De Advocaat-generaal bij de Hoge Raad (AG) heeft conclusie genomen in een aantal zaken die bij de Hoge Raad zijn aangebracht. Alle zaken betreffen het beroep in cassatie tegen uitspraken van Hof Den Haag. Bij de conclusies hoort een gemeenschappelijke bijlage, waarin de AG het juridische kader bespreekt. De zaken betreffen de btw-behandeling van de gescheiden inzameling van huishoudelijk verpakkingsafval door gemeenten. Daarvoor ontvangen de gemeenten een vergoeding uit een ‘afvalfonds’.
De gemeenten hebben zich op het standpunt gesteld dat zij geen economische activiteit verrichten, aangezien geen enkele ondernemer op een vergelijkbare wijze zou handelen. Volgens de AG heeft het hof onvoldoende onderzocht of een gemeente haar activiteiten verricht op een wijze die overeenkomt met de manier waarop particuliere marktdeelnemers dergelijke activiteiten verrichten. De bestreden uitspraken kunnen volgens de AG op dit punt niet in stand blijven. De conclusie strekt tot verwijzing naar een ander hof voor nader onderzoek.

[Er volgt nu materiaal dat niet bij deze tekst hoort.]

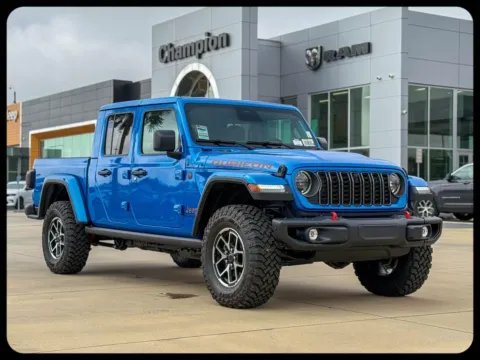 Blue 2026 Jeep Gladiator Rubicon X for sale in Gulfport, MS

De verplichting tot scheiden van verpakkingsafval ligt bij de verpakkingsindustrie. Op grond van de Wet milieubeheer zijn gemeenten verantwoordelijk voor de inzameling van huishoudelijk afval. De Wet milieubeheer verplicht gemeenten om (mede) zorg te dragen voor de gescheiden inzameling van verpakkingsafval. De verpakkingsindustrie heeft een tweetal stichtingen opgericht, die de verplichtingen van de verpakkingsindustrie hebben overgenomen. De verpakkingsindustrie betaalt hiervoor een afvalbeheerbijdrage aan het afvalfonds, dat wordt geadministreerd door de tweede stichting. Gemeenten sluiten een contract met de eerste stichting en doen opgaaf van het ingezamelde verpakkingsafval. Deze stichting controleert de opgaaf en verstrekt deze aan de tweede stichting, die een vergoeding uit het afvalfonds aan de desbetreffende gemeente verstrekt. De gemeenten verrichten met hun diensten geen overheidstaak, maar voeren tegen vergoeding een op een derde rustende taak uit. Daarmee verrichten zij een dienst in de zin van de btw en zijn zij ondernemer. Dat betekent dat zij geen recht hebben op een bijdrage uit het btw-compensatiefonds.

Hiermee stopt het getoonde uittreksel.